I find it interesting that the protests encompass a disorganized plethora of different issues like cut-throat capitalism, labour rights, indigenous rights, women’s rights, developing countries, income inequalities, and the list goes on – such that the whole of it comes out as a huge disorganized disunified cacophony of human dissatisfaction. The majority of the protesters seem to favour a Marxist slant (much to the dismay of people who still remember what communist rule was like) and I am well aware that the majority of the funding that sustains the protest is coming from trade unions, who would rather throw away thousands of dollars to stir up civil unrest rather than use that money to hire a couple of the more moderate protesters. Certainly, I fully support their right to protest and express themselves, but the multiple cases of censorship and violence that have occurred leave me doubtful of the movement’s principles. Not to mention that the movement has managed to displace media attention on the real human rights abuses in the Middle East’s Arab Spring, especially with the atrocities being committed in Syria, Bahrain, and Yemen.

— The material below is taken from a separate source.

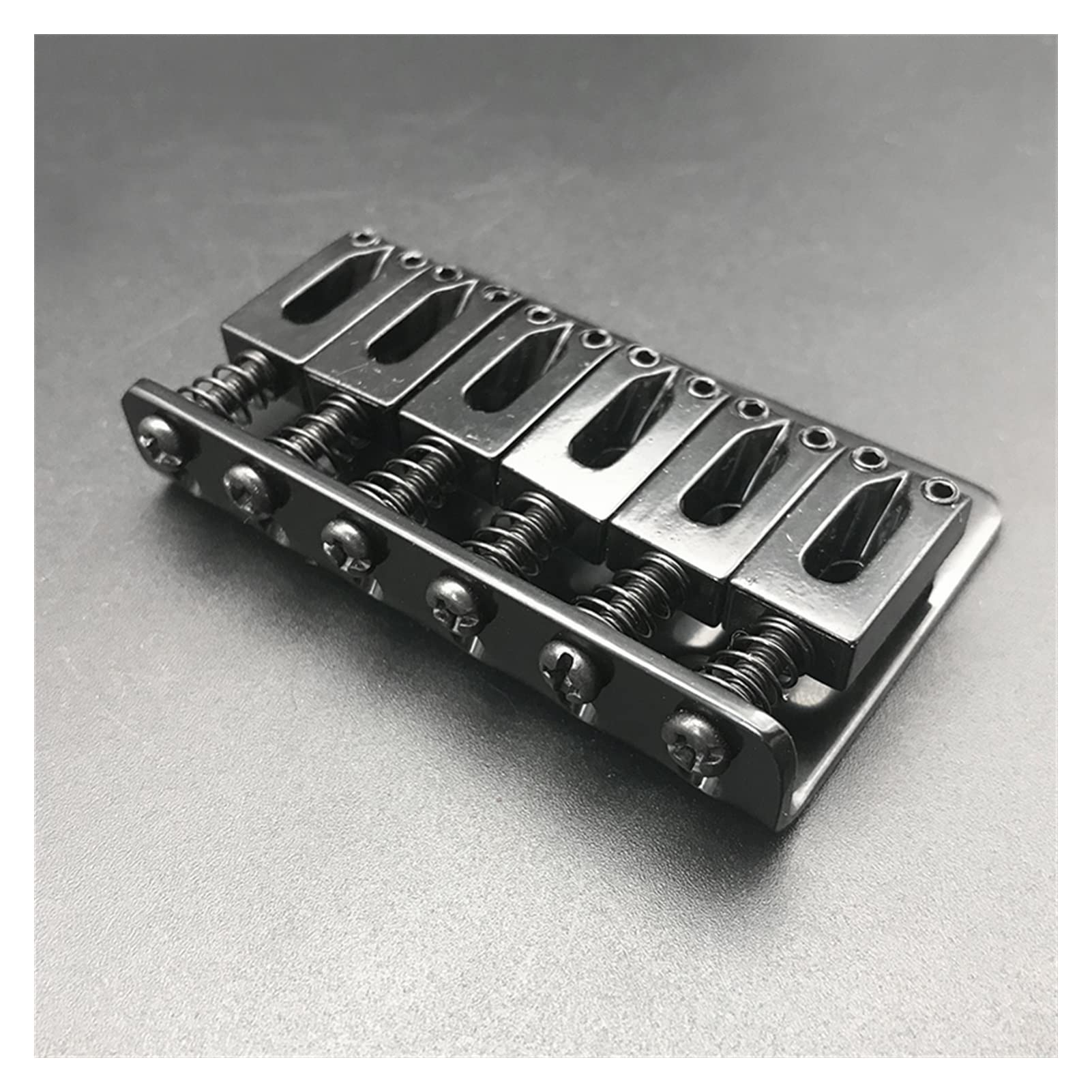 6-Piece 65mm Electric Guitar Tailpiece Bridge Set for SQ/ST Style Guitars - Black Replacement Bridge Parts - Perfect for Guitar Upgrades & Repairs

Now that I’ve debunked the tenets of the protests, I would just like to highlight a few interesting points. The incommunicability of the Occupy Wall Street protest seems in line with Hardt & Negri’s assertion in Empire as instances of biopolitical resistance that leap to international importance. Granted, the majority of the protesters are fairly privileged (I’ve seen them playing around with cellphones and most have the option to return to a home). In The Production of Space, the occupation of Lefebvre’s monumental space is supposed to infuse new meaning into the place, while at the same time, the monumentality of the space infuses the protest with new meaning. In the majority of cases, the usage of monumental space for protest is supposed to make visible the power of the sovereign as exercised against the subject. However, the sovereign is not engaging with the populace in this matter, because what is perceived as 99%, is really the 1% who want something to march about.

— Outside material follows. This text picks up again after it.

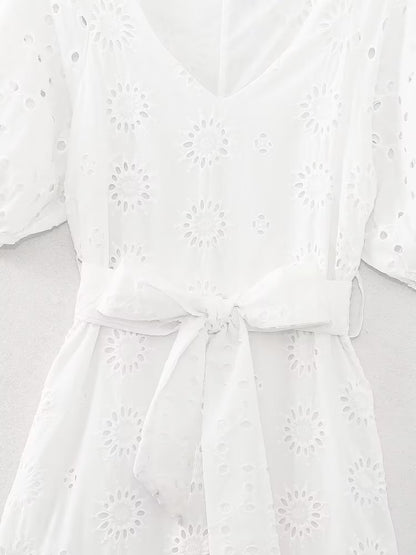 Spring Women Clothing French Sexy White Moonlight Hollow Out Cutout Design with Belt Embroidered Dress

In most democratic countries experiencing the protests, the police nor the army have tried to suppress these protests through brute force, unless violent actions by the protesters themselves ensues. The protesters are not in Agamben’s notion of the camp, not external or outside of society, nor the victims of state failure (Canadian protesters are probably more well-off than their American counterparts, so perhaps we can argue that the Obama administration has failed the American people with their massive unemployment, their poor regulation of stimulus spending and massive deficit/debt). Therefore, the Occupy Wall Street movement is NOT a case of sovereign-subject conflict due to the permissibility of their protests in open, democratic society. The subaltern is represented and heard at these protests, as well as “marginalized” groups like women, Native Americans, and other minorities (though I would dispute applying the term to the first).

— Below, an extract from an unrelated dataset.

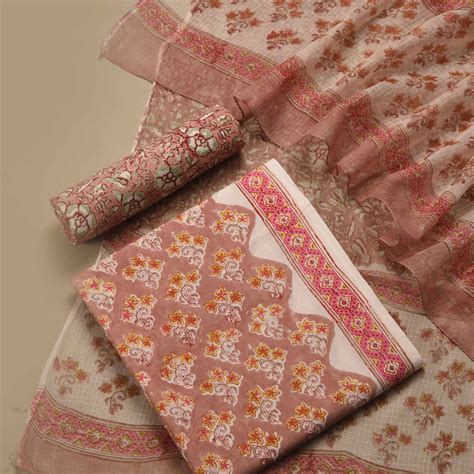 Peach Pure Cotton Hand Block Printed Unstitched Suit Fabric Set With K ...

It’s also interesting to note how the meaning of the occupation has evolved. Previously, occupation usually meant physical military occupation of territory, sometimes of the population (as in ancient times) though international law deems the latter illegal. Now, occupation means physically being present in (biopolitically occupying) a particular space, whether by violent or peaceful means. The connotation is still there that the place is being reclaimed or taken by force. Reclaimed in the name of some ideology. Reclaimed in the name of nationalist sentiment or public interest. With regard to the Occupy Wall Street protest, I think it is important to ask: For whom is Wall Street being reclaimed? (that is, for whose interests) rather than Who is reclaiming Wall Street?
Like Foucault, I accept that power struggles are a natural part of any government and the people or individual are usually the counterforce to the state’s force. As a true conservative, I always question and critique both forces before accepting the power of one or the other over me. Perhaps it is anti-progressive and anti-democratic of me to question such movements, but the day that we are not permitted to question anything is the day that democracy and progress will have died.